Great place , and I have fond memories of it, many unique characters attended there, one I remember was a stage Hypnotist who put about nine guys into a trance during a lesson on Magnetism .
Anyway hope that you find some guys who were there in your time.
Best Wishes
Dronz G3NVM


----------



## beedeesea (Feb 28, 2006)

Kevin Street myself....but have you seen my post fom last September, just as a matter of interest?

http://www.shipsnostalgia.com/showthread.php?t=36875&page=9&highlight=wireless+colleges

Brian


----------



## znord737 (May 1, 2006)

*Atlantic College*

B.rian,
Thank you for your reply. Yes I had a good read through all the posts that you mentioned , most interesting too.

I also did a stint in Kevin Street , did not do my ticket there though went to the UK and sat the ticket there at London Telegraph Training College in Pennywern Road nearby Earls Court.

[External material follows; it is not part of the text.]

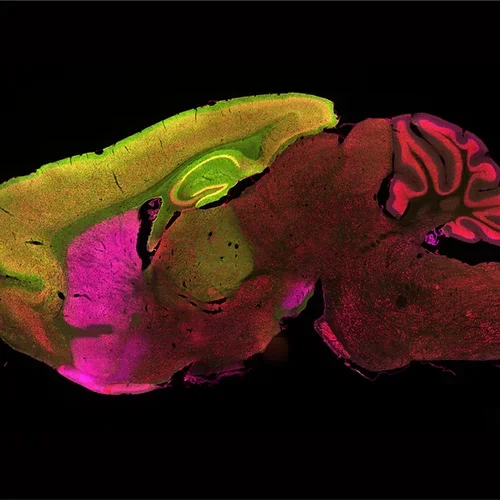 The cortex and striatum contribute to Huntington's Disease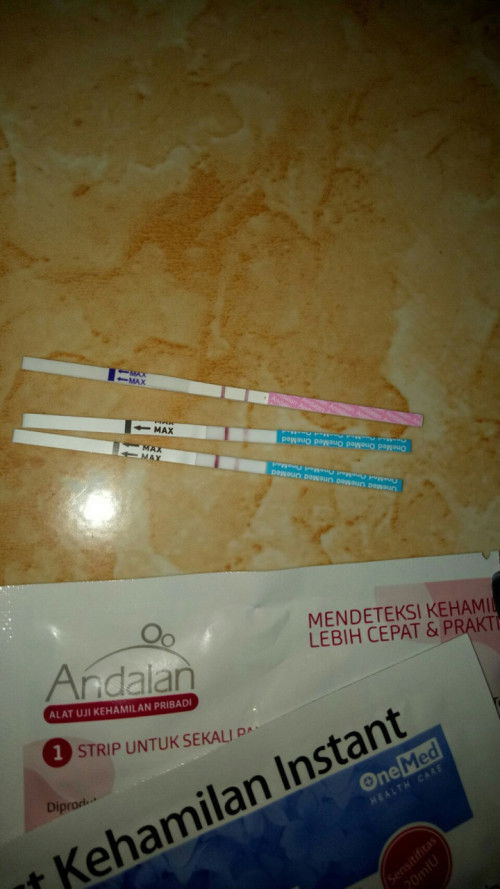 kebobolan KB IUD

Atlantic College was going rapidly down hill when I was there, exam results were apalling and some students were there for three plus years resitting the exam .

I left Atlantic after 18 Months and went to Kevin Street , where I suddenly realised what a great technical establishment it was . Unfortunately my funds ran out before they would let me sit the exam. (Their reputation of the teaching standards of Atlantic College were not what one could call good) . 

Remember O'Rourke, Blennerhasset etc great guys and very diligent 
and a pleasure to have met them both.

I did twelve years sea time and during that time only met up with one guy from Atlantic College and that was in Wellington NZ , he was working for Union Steamship Co and had done for a couple of years on the coast there.

Don't remember meeting any guys from Kevin Street either though there must have been hundreds if not thousands that went through that establishment 

Best Wishes
Dronz


----------



## RO Vintage (Feb 13, 2008)

Hi Dronz And Thanks For The Qso Old Atlantic College Is No More. Fitzy Passed
Over The Bar Late 90s And Paddy Delaney Did His Best To Run Atlantic But No
Students And The Cash Flow Ran Out. I Met Paddy In The Sanford Inn Abt 10 Yrs Ago Still The Same Paddy,,, He Was Taking The Mates In Limerick College
Some 7 Day Course And A Ro Ticket Now Who Wud Believe That. I Believe Paddy Returned To Tipp.. Hope He Is Still Around.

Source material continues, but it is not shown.